The DNA-derivatized gold slides were incubated in a 1 mM aqueous solution of 6-mercapto-1-hexanol (MHO) at room temperature for 1 hour in a closed container, rinsed with deionized water and dried with nitrogen gas. Hybridization with the target strands was carried out in 3× hybridization buffer (HB). The slides were covered with a 1 µM solution of target DNA strands in HB for 1 hour at room temperature, rinsed with 3× HB, deionized water and dried in a stream of nitrogen gas. Control experiments included the incubation of bare gold slides in an unmodified DNA solution with the same sequence as the thiol-modified probe and incubation of bare gold slides in MHO solution. At least three samples were prepared for each modification.

Modification of SPR sensing surface with probe DNA

SPR sensing modules were modified by wetting the gold sensor surface with 50 µL of 10 µM DNA–SH solution in PB, and incubating in a closed container for 48 hours at room temperature. The gold surface was rinsed with PB and dried with nitrogen. The DNA–derivatized gold surface was incubated with 100 µL of 1 mM MHO in deionized water and stored for 1 hour in a closed container. The surface was rinsed with deionized water, dried with nitrogen, and then stored in a sealed Petri dish at 4 °C until further use.

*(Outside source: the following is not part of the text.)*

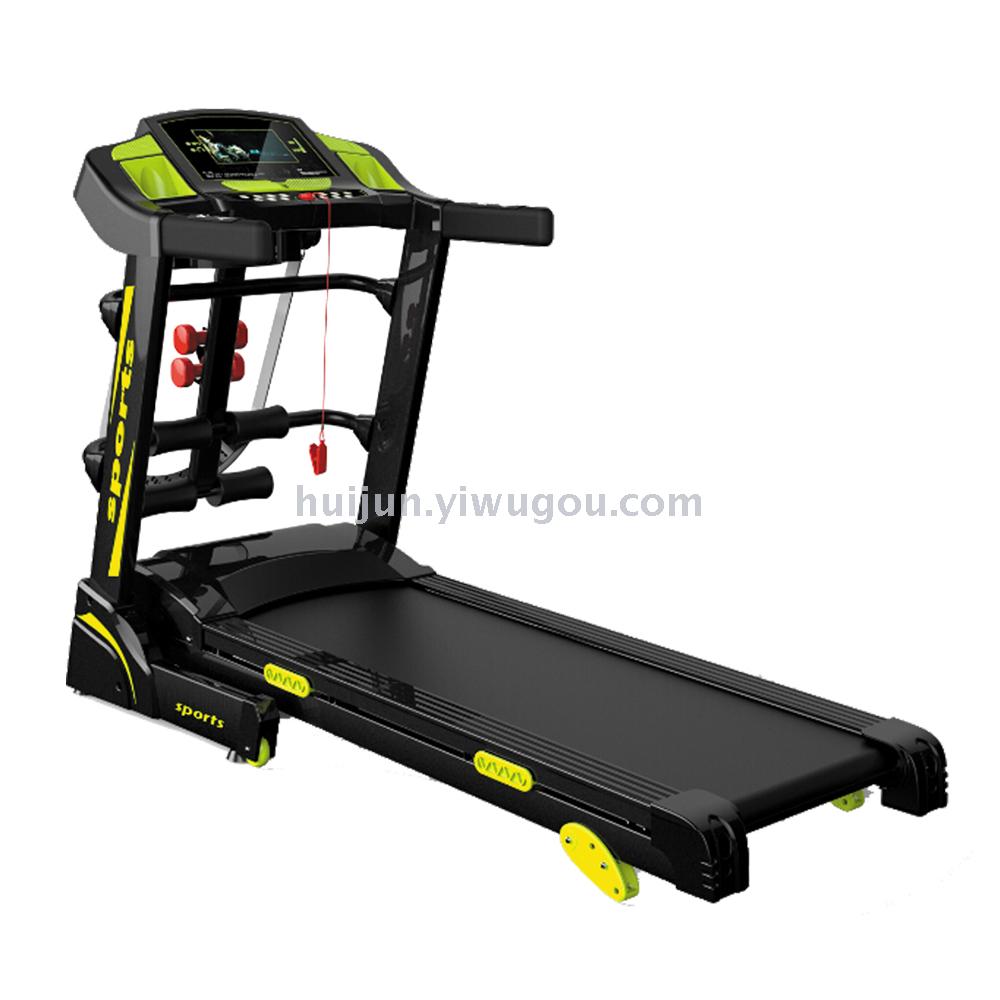 In the new sports multifunctional electric treadmill with a 7 inch screen HJ-B2020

For the temperature experiment using different surface densities of probe DNA, DNA–SH solutions were prepared in 3× HB: one contained 10 µM DNA–SH and the other contained 10 µM DNA–SH and 10 µM FM target DNA in order to hybridize the probe DNA prior to surface deposition. After 1 hour incubation at room temperature 50 µL of each solution were used to coat the gold surface of four SPR sensors (two for each solution). Following incubation in a closed container for 48 hours at room temperature the gold surface was rinsed with 3× HB and was covered with 100 µL of 1 mM MHO in deionized water. From each set of two sensors incubated in the same DNA–SH solution, one was incubated for 1 hour at room temperature and the other was incubated for 5 hours at room temperature. All surfaces were rinsed with deionized water, dried with nitrogen and stored in a sealed Petri dish at 4 °C until further use.

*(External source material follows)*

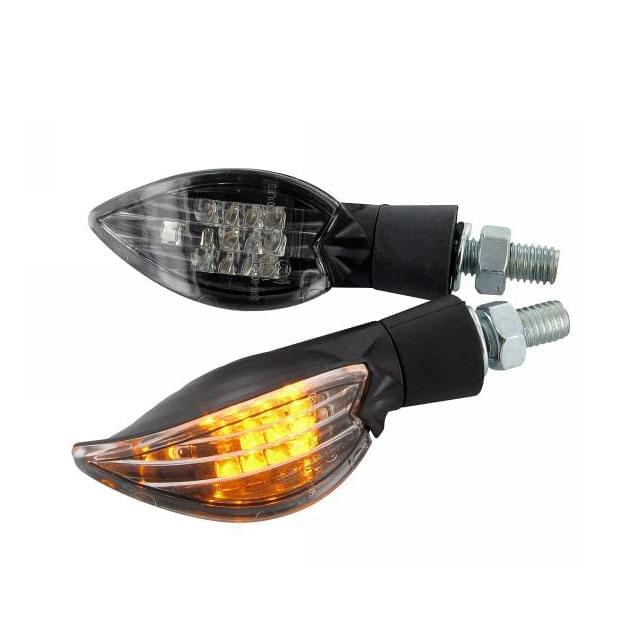 Intermitentes Curve LED CE blackline STR8 - negro STR-696.10/BK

Electrochemical characterization of gold slides

Electrochemical measurements were obtained with a Gamry Instruments Reference 600 Potentiostat/Galvanostat/ZRA (Warminster, PA, USA). An electrochemical cell consisting of three electrodes was assembled. The modified gold slides were used as the working electrodes, an Accumet saturated calomel electrode (SCE) from Fisher Scientific (Pittsburgh, PA, USA) as the reference electrode, and an Accumet platinum wire as the counter electrode. The slide was contacted with an alligator clip, while an area of 1 cm2 was immersed in the electrolyte solution together with the SCE and counter electrode. The electrolyte solution was prepared in 10 mM PB, containing 1 mM potassium ferricyanide [K3Fe(CN)6] (as redox probe) and 100 mM KCl (as supporting electrolyte).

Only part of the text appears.